Raganella con una zampina spezzata salvata a San Quirico a bordo strada e ricoverata al Cras

Impossibile steccare un arto di un anfibio così piccolo, ma la ferita è stata curata e l’animale è stato nutrito a dovere e le sue condizioni sono già migliorate

«Qualche giorno fa, abbiamo ricevuto una telefonata per un recupero nella zona di San Quirico: i segnalanti avevano notato una raganella sul ciglio della strada con la zampina posteriore offesa, perciò impossibilitata a muoversi, e chiedevano il nostro intervento – spiegano al Cras Enpa -. Siamo andati a recuperarla senza esitazione perché per noi tutta la fauna selvatica è importante, recuperiamo anche quella più “insolita” e cerchiamo di aiutarla con tutti i mezzi a disposizione».


«Da noi – continuano al centro di Campomorone – tutti i selvatici bisognosi di aiuto possono trovare rifugio e cure con in mente sempre un solo obiettivo: la reintroduzione in natura di esseri tanto inermi dinanzi alle attività antropiche quanto importanti per la biodiversità.
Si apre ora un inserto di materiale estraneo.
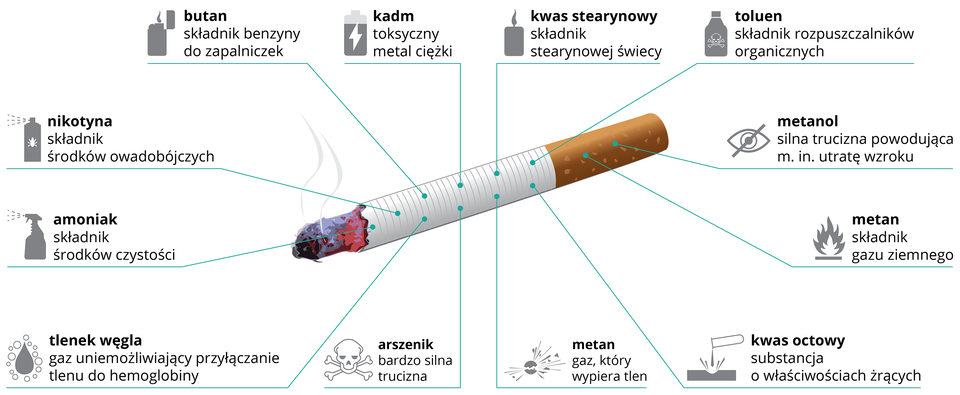 Ilustracja przedstawia ukosem żarzący się biały papieros z pomarańczowym ustnikiem. Od niego niebieskie linie prowadzą do opisu i obrazka przykładowych substancji, zawartych w dymie papierosowym. Od góry od lewej: butan, kadm, kwas stearynowy, toluen, metanol, metan, kwas octowy, arszenik, tlenek węgla, amoniak, nikotyna.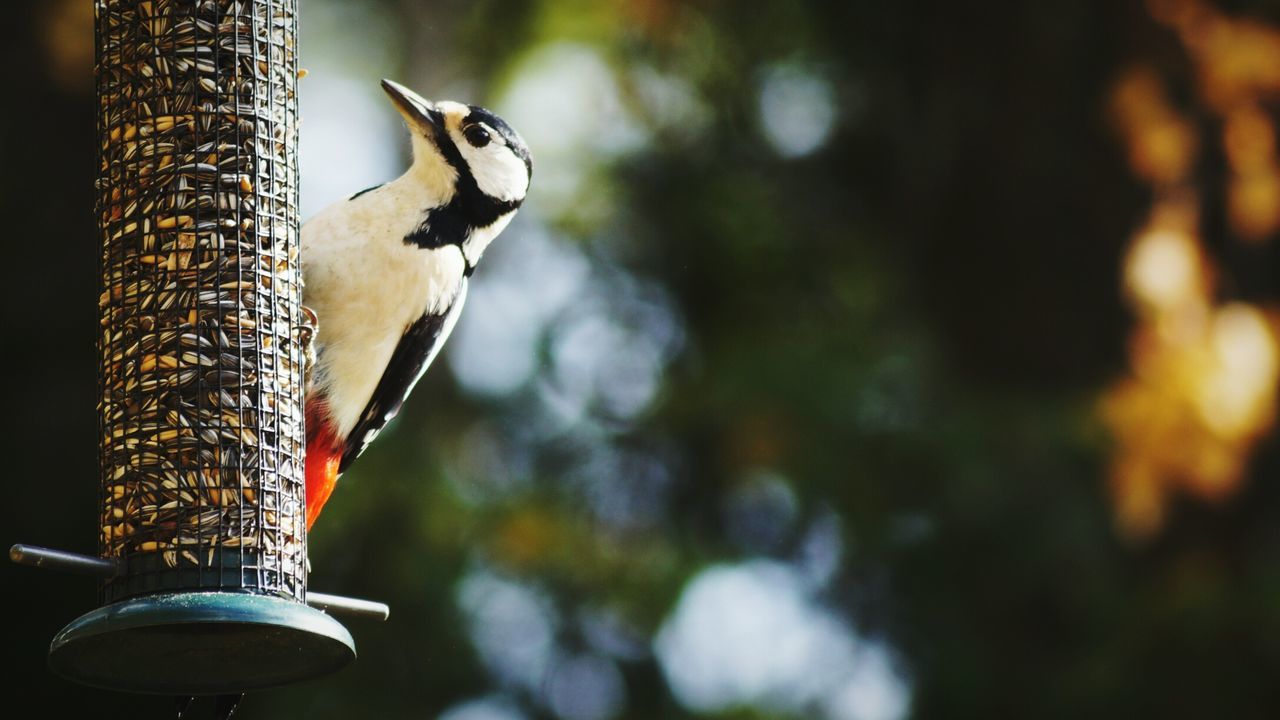 Woodpecker on bird feeder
Purtroppo non c’è modo di steccare una zampina ad un anfibio così piccolo: quello che abbiamo potuto fare è curare la ferita, tenerla a riposo il più possibile in un terrario che riproduca il suo habitat naturale e nutrirla a dovere. Siamo ottimisti perché già dopo pochi giorni la zampina è migliorata e ci sono buone possibilità che la raganella guarisca ma anche lieti che alcuni passanti non siano rimasti indifferenti a una creatura in difficoltà ».